Before: Murphy, P.J., and Markey and R. S. Gribbs*, JJ.
PER CURIAM.
Defendant was convicted by a jury of first-degree murder, MCL 750.316, and sentenced
to life imprisonment. He appeals as of right. We affirm.
Defendant was tried jointly with codefendant Gregory M. Rice. The prosecutor’s theory
was that defendant “bonded” codefendant Rice out of jail in exchange for Rice killing
defendant’s former girlfriend, Yahnica Hill.
On appeal, defendant raises three challenges involving the admission of allegedly hearsay
evidence. First, defendant argues that witness Rodney Coleman’s testimony that codefendant
Rice had stated that he killed a girl on the east side was improperly admitted against defendant.
Defendant did not object to the challenged testimony at trial. Although defendant filed a pretrial
document concurring in all “motions filed” by codefendant Rice, we do not view this document
as encompassing objectionable matters at trial. A defendant must make a specific objection on
the particular grounds urged on appeal in order to preserve an issue at trial. People v Cain, 238
Mich App 95, 115; 605 NW2d 28 (1999). Defendant did not do so here. Accordingly, we
conclude that this issue is not preserved. Where an issue is unpreserved, it is reviewed for plain
error affecting the defendant’s substantial rights. People v Carines, 460 Mich 750, 763; 597
NW2d 130 (1999); People v Coy, 243 Mich App 283, 287; 620 NW2d 888 (2000).
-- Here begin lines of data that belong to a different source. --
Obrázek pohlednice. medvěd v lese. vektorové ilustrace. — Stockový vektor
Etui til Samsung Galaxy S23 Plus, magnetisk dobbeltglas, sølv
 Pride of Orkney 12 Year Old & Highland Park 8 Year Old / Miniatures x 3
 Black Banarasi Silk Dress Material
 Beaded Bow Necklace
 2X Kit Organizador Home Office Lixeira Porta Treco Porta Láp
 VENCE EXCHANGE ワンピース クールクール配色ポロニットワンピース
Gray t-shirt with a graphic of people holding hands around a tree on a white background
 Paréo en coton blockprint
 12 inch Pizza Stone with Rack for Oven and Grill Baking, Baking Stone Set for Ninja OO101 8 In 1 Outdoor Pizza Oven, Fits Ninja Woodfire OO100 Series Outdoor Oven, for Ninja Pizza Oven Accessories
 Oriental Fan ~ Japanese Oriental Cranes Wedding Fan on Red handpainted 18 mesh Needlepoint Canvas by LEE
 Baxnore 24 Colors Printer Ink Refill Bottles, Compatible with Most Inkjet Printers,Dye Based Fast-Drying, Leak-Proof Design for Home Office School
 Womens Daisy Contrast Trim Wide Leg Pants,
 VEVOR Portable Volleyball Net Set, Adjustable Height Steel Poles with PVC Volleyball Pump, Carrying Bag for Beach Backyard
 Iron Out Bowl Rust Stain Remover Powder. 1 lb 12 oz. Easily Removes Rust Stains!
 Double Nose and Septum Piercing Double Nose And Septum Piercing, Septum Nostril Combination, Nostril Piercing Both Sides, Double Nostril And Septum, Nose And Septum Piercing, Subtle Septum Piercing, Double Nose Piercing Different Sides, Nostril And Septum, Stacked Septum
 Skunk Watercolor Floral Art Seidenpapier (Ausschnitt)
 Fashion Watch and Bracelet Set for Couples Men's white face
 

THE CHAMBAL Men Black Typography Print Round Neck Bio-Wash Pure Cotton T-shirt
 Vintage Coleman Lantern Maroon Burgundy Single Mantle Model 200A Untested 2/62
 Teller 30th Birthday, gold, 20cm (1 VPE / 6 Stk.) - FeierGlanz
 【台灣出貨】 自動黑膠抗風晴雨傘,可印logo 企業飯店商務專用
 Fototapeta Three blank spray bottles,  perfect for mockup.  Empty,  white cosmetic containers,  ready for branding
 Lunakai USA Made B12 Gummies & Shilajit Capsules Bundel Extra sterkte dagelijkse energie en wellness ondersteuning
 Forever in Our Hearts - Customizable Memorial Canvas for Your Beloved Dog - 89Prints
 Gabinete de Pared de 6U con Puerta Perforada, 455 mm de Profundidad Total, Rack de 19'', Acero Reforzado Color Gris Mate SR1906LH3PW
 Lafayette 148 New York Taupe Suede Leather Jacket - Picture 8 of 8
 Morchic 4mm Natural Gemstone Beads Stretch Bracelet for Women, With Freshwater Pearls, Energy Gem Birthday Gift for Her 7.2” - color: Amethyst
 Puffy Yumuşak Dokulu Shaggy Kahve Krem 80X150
The prosecutor implicitly concedes that it was plain error to permit evidence of
codefendant Rice’s statement to be used against defendant. Nonetheless, reversal is not
appropriate under the plain error rule unless the defendant is actually innocent or the error
*
Former Court of Appeals judge, sitting on the Court of Appeals by assignment.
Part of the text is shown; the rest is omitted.